To Benjamin Franklin from Samuel Davison, 5 July 1779

From Samuel Davison5

ALS: American Philosophical Society

Masterland6 Sweden July 5th. 1779.

Honord. Sr.

I having saild from Norfolk Virginia the first of may with the Sloop Phianix Burthen 80 tons mounting 8 carrige Guns 20 men I purpose mounting four more & Shipping as many hands here as is necessary to fight her. She is ownd By Saml Cad Morris of Phila. henry & thos. of Norfolk7 Mr. Brown having applyd at williamsburg for a commissn the Governor not having any Blanks by him from congress was obligd to Sail without a commission. If you can send me a commissn per post so as to arrive here by Middle of August Youll oblige Sr. your Most Obdt. humble Servt.8

Saml Davison

Addressed: To / The Honorible / Benjamin Franklin / Paris

Notation: Davison Saml. July 5. 1779.

[Note numbering follows the Franklin Papers source.]

5Quite likely the Samuel Davison of Philadelphia who had served as a commodore in the Pa. Navy: Claghorn, Naval Officers, p. 85.

6Marstrand, a free port on an island off the coastal city of Gothenburg. American vessels had been trading at the two ports since at least mid–1777: H.A. Barton, “Sweden and the War of American Independence,” W&MQ, 3rd ser., XXIII (1966), 410–11. A consul there named Pierre Eckstrom forwarded the present letter with one of his own dated July 6, volunteering to relay to Davison any papers or documents BF might send him. APS.
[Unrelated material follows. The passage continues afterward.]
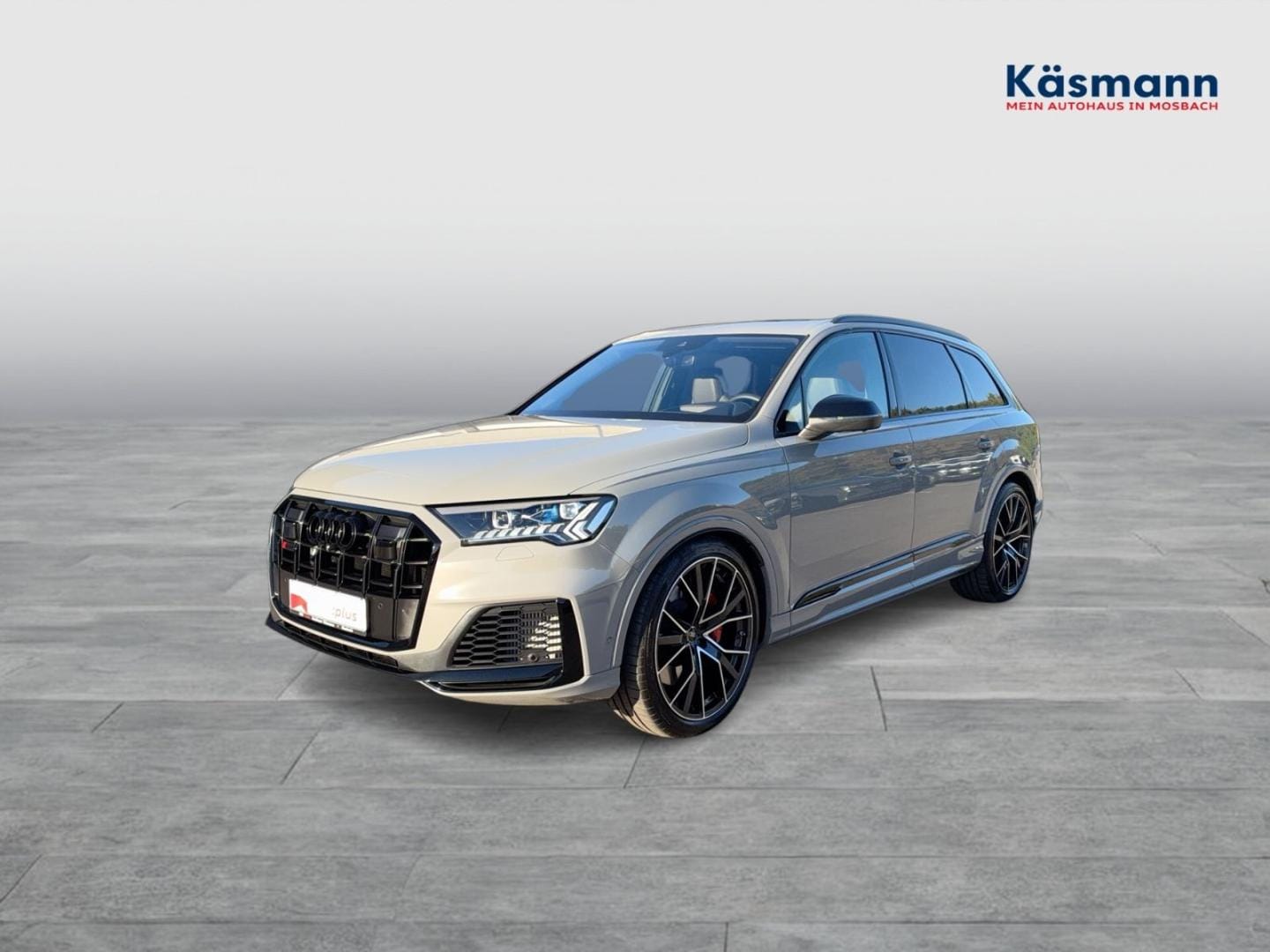 Bild über Audi SQ7 competition plus TFSI quattro tiptronic - für weitere Informationen kontaktieren Sie den Audi Partner
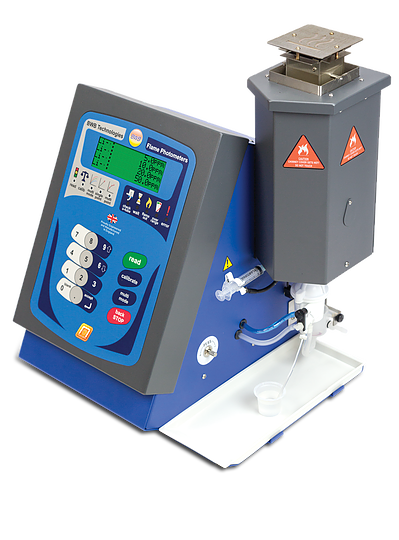 Flame Photometer Model: BWB-NUCLEAR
7Samuel Cadwalader Morris (1743–1820) was a Philadelphia merchant and political figure, as well as a former militia officer: Robert C. Moon, The Morris Family of Philadelphia (3 vols., Philadelphia, 1898), II, 437–41. Henry and Thomas Brown (whose full names are given in the next Davison letter, cited below) were prominent merchants and patriots from Portsmouth, Virginia: William J. Van Schreeven et al., eds., Revolutionary Virginia: the Road to Independence (7 vols., Charlottesville, 1973–83), II, 89; IV, 353.

8In a letter of July 10 (APS) Davison explained that on the 10th of June he had removed four casks of indigo and some provisions from the brig Robert, en route from London to New York. His disgruntled second mate reported this to the British consul at Marstrand, who demanded the return of the indigo. Davison wished BF to send a commission by the first post, addressing it to Henry Greg, a merchant at Gothenburg. The merchant, who spelled his name Greig, wrote a covering letter of the same date with more particulars on the case (APS). The want of a commission had prevented Davison’s taking the whole ship as a prize. Now the British consul had petitioned the governor of the province to sequester the Phoenix as a pirate. Greig planned to supply Davison with more men, guns, and ammunition and believed him worthy of a commission. In a later undated letter (APS) Greig reported that the governor had granted sequestration of the ship into Greig’s hands until he received the king’s orders. We have no record of any response from BF to these letters.